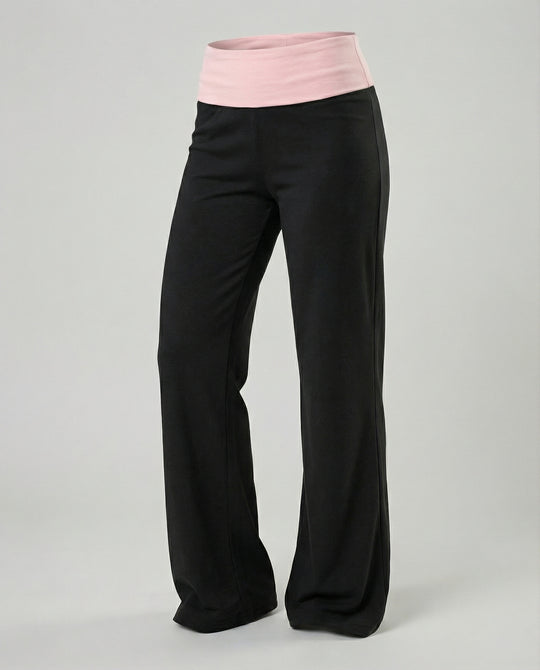 Damen Freizeithose Lounge Yoga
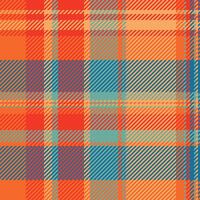 textil- design av texturerad pläd. rutig tyg mönster swatch för skjorta, klänning, kostym, omslag papper skriva ut, inbjudan och gåva kort. vektor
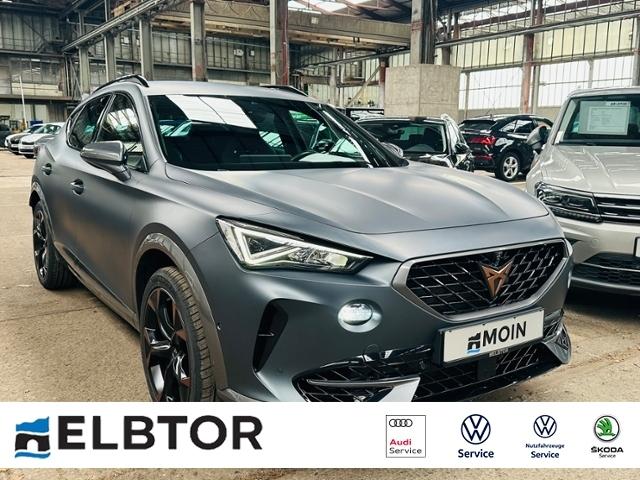 Cupra Formentor VZ TSI 4Drive LED NAVI 19ZOLL ALU PDC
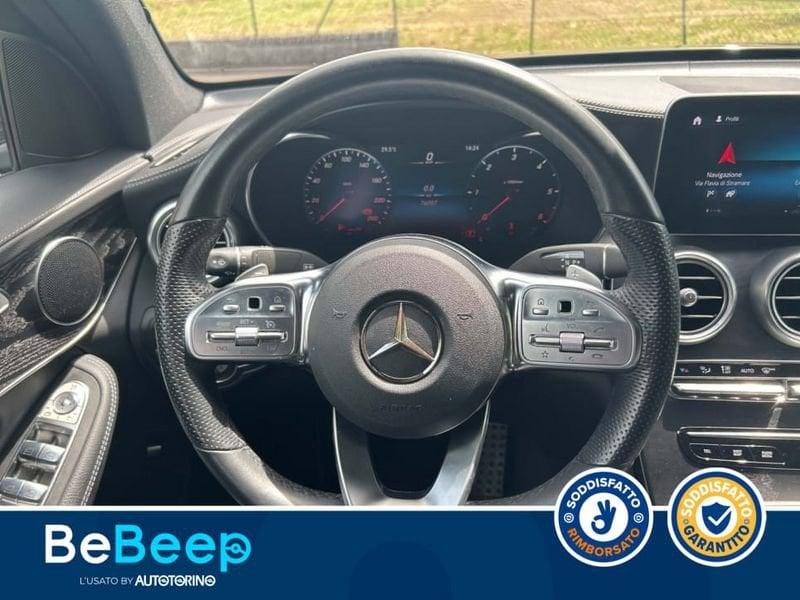 Mercedes-Benz GLC Coupé GLC COUPE 300 D SPORT 4MATIC AUTO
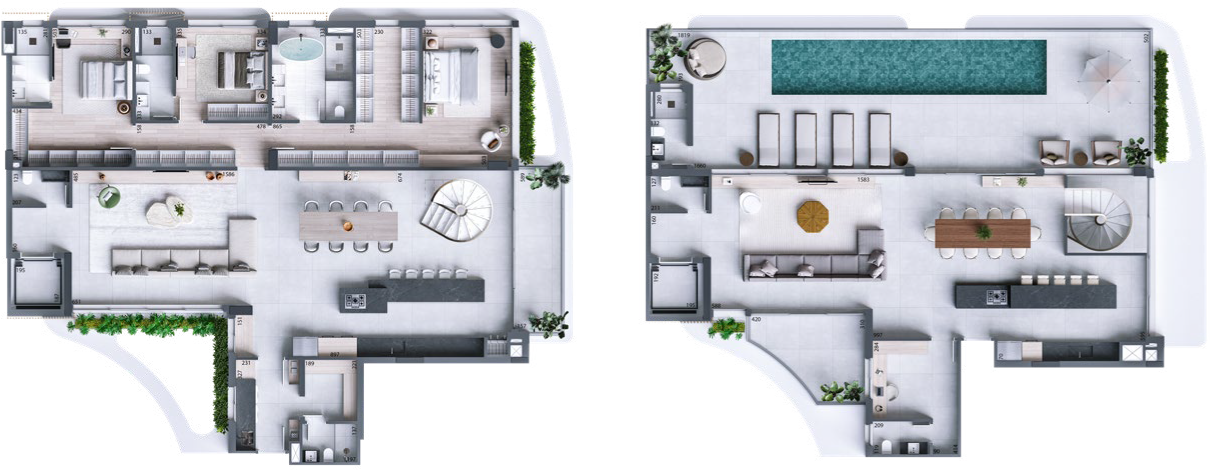 Apartamento C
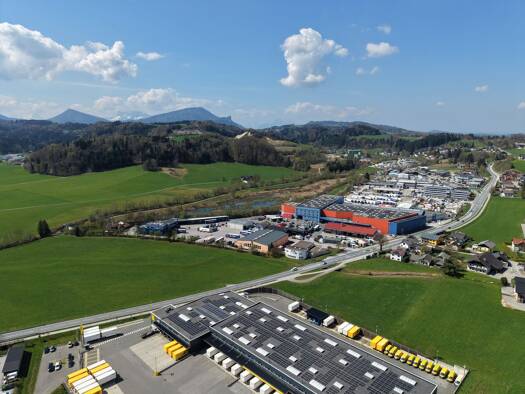 Grundstück zum Kauf 25.392 m² Grundstück Thalgau 5303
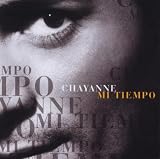 Disco de Chayanne: «Mi Tiempo» (Anverso)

□ □ □ □ □

Quote in full the listing given above; the images are to be left out.

 Damen Freizeithose Lounge Yoga
 textil- design av texturerad pläd. rutig tyg mönster swatch för skjorta, klänning, kostym, omslag papper skriva ut, inbjudan och gåva kort. vektor
 Cupra Formentor VZ TSI 4Drive LED NAVI 19ZOLL ALU PDC
 Mercedes-Benz GLC Coupé GLC COUPE 300 D SPORT 4MATIC AUTO
 Apartamento C
 Grundstück zum Kauf 25.392 m² Grundstück Thalgau 5303
 Disco de Chayanne: «Mi Tiempo» (Anverso)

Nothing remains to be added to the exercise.